Consider how changed circumstances have impacted your direct reports, such as whether they’ve taken up new roles and responsibilities during this time. Has it introduced new difficulties into their role, and how has this affected their performance?
The performance review is an opportunity for both you and your direct reports to reset expectations around work hours, prioritisation of tasks, responsiveness during work hours, and the growth and learning rate of your direct reports.
By addressing their strengths and weaknesses objectively and empathetically, you can build up a rapport with your direct reports while still maintaining a fair and effective performance review process.
4. Failing To Back Up Your Appraisal With Solid Data And Objective Criteria
Above all, make sure any feedback you give your direct reports is backed up by solid data. This keeps your claims fully objective, and helps you align your direct reports’ feedback and goals with your organization’s objectives.
Although performance reviews are typically based on a predetermined set of goals, the post-pandemic period may have changed organizational priorities. This means that goals set at the beginning of the year may no longer be fully applicable.
Also, personal circumstances may have affected your direct reports’ ability to meet their performance expectations.

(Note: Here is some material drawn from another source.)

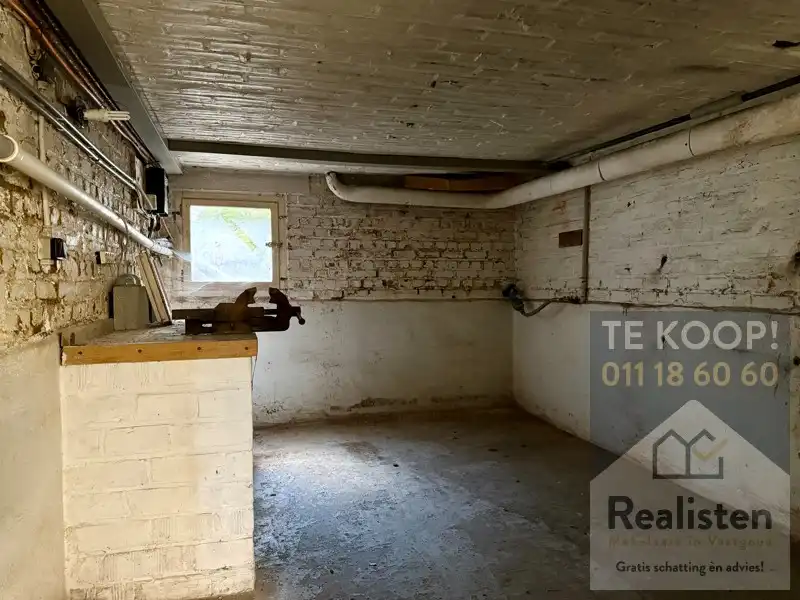 Kantoren op zichtlocatie + ruime parking foto 33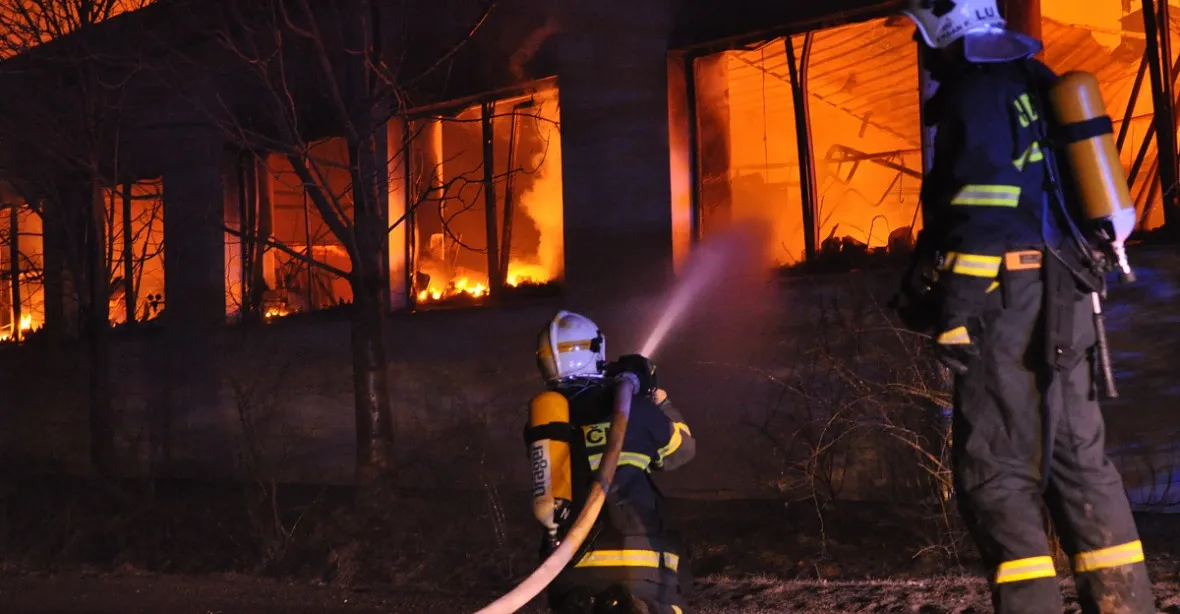 Požár lakovny ve Zvoli je uhašený, ale těžce zraněný hasič zemřel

Still, it’s important that you retain a structured process where they’re assessed on objective criteria, to ensure a fair evaluation of their performance over the past year. You do need to take into account any changes to targets that might’ve happened between then and now, and acknowledge your direct reports’ efforts spent on projects and tasks that were adjusted because of this.
How Do You Avoid This?
Nevertheless, it’s important to rely on a set of strong and quantifiable indicators for your performance review process. This eliminates the possibility of bias, and helps to keep you focused on your direct reports’ objective progress towards pre-determined goals.
Work with your HR department to create clear indicators that are airtight against any manipulation by either yourself or your direct reports. Also, take the latter’s feedback into account, and adjust these indicators as necessary to account for the changes that have affected your team over the past year.
Using software tools such as Omni HR is a highly effective way of keeping track of your direct reports’ progress towards their objectives. This helps you make more informed decisions about the performance review process, and keep on top of your team’s performance and productivity levels.
To Conduct Fair And Effective Performance Reviews, Keep These Pitfalls In Mind
It’s nerve-wracking for a new manager like yourself to conduct your first round of performance reviews, we understand. But, it can be done.
And it’s important that they be done properly, for they benefit not just yourself and your organization, but also the career progression of your direct reports.
To do so, you just have to keep in mind what to avoid. Ensure that your personal biases don’t influence the process, don’t try to do it alone without support from your HR department, and resist the temptation to criticize without providing the opportunity for two-way constructive feedback.
Last but not least, ensure your performance reviews are based on a structured, yet flexible set of performance indicators to take changing conditions into account. Make use of software tools like Omni HR to keep track of these objectives, adjust them as necessary, and track your direct reports’ progress towards achieving them.